An article in today’s Pitt News has some misleading information.  In the section addressing Lent, "Father" Bill Hausen, of Christ Hope Church, is quoted. Hausen broke away from the Catholic Church in 2004. He has been excommunicated and is no longer longer recognized as a priest by the Church, the sacraments he offers are not valid, and attending services at Christ Hope does not satisfy one’s Sabbath obligation.

Comments 6

  1. Tom Smith wrote:

    Actually, most of his sacraments are valid. Most likely, his absolutions are invalid and his marriages null, but, other than that, his sacraments are genuine.

    Posted 15 Apr 2006 at 11:53 am
  2. Funky Dung wrote:

    1) I strongly suspect that he’s monkeyed with the liturgy in such a way that he no longer confects the Eicharist.

    2) Doesn’t the fact that he offers the Eucharist to anyone who comes affect things in any way?

    Posted 15 Apr 2006 at 2:09 pm
  3. edey wrote:

    how does him being in heresy affect marriages? the operators of the marriage are the couple themselves (i think). the couple gives the Sacrament to each other, so even if you have a bogus priest, would that affect Sacramentality?? granted, you might need a dispensation…

    Posted 15 Apr 2006 at 2:44 pm
  4. Funky Dung wrote:

    You cannot licitly marry outside of the Church without dispensation. I don’t think the Church is likely to grant dispensation to be married by an excommunicated priest. Without the dispensation, the marriage is illicit and the sacrament invalid.
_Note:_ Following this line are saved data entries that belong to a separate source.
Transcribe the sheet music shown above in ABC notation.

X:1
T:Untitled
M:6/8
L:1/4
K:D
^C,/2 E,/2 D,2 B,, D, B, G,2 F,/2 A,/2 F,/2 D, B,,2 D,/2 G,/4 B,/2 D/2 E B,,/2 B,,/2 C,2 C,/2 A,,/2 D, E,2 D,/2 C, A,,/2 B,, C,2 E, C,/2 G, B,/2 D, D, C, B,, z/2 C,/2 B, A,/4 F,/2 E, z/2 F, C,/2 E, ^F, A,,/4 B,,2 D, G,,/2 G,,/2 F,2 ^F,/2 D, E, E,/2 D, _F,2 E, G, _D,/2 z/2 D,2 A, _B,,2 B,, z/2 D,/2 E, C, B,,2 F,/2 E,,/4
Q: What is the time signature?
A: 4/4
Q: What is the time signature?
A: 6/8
    Posted 15 Apr 2006 at 2:47 pm
  5. edey wrote:

    but why is it ok to get married by a heretic in one sense (protestant) but not another (excommunicated priest)? why can you get a dispensation in one case but not the other?
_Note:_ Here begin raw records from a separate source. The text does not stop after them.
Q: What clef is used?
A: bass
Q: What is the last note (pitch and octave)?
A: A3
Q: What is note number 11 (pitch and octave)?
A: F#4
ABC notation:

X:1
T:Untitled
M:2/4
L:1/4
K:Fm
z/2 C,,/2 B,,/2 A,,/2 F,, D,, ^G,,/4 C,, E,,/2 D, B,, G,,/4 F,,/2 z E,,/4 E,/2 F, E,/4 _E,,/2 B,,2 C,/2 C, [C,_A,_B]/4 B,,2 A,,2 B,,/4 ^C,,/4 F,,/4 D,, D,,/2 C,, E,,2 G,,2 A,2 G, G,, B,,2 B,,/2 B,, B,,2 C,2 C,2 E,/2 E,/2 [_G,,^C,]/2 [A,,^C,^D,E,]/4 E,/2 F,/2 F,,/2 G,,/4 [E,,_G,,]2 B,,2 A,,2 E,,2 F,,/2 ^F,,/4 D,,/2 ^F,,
    Posted 16 Apr 2006 at 2:20 am
  6. Tom Smith wrote:

    As regards the Eucharist — his liturgical playing wouldn’t change a thing, as long as he says the consecration and has intent (intent, not necessarily, to specifically cause a transmutation of the elements and offer a sacrifice, but to do as the Church does). So the default answer is that a priest’s Mass is valid as long as he doesn’t actively change his intent. Also, open communion doesn’t have anything to do with sacramental validity — it’s not as though the Eucharist reverts to bread and wine when it touches the lips of an unbeliever. The classic demonstration of this concept is an imaginary situation in which a priest, while distributing communion, drops a Host on the floor, and a dog runs over and eats it. Did the dog receive the Eucharist? Yes — the transformation being already accomplished, there is nothing to stop the dog from receiving the Body of Christ.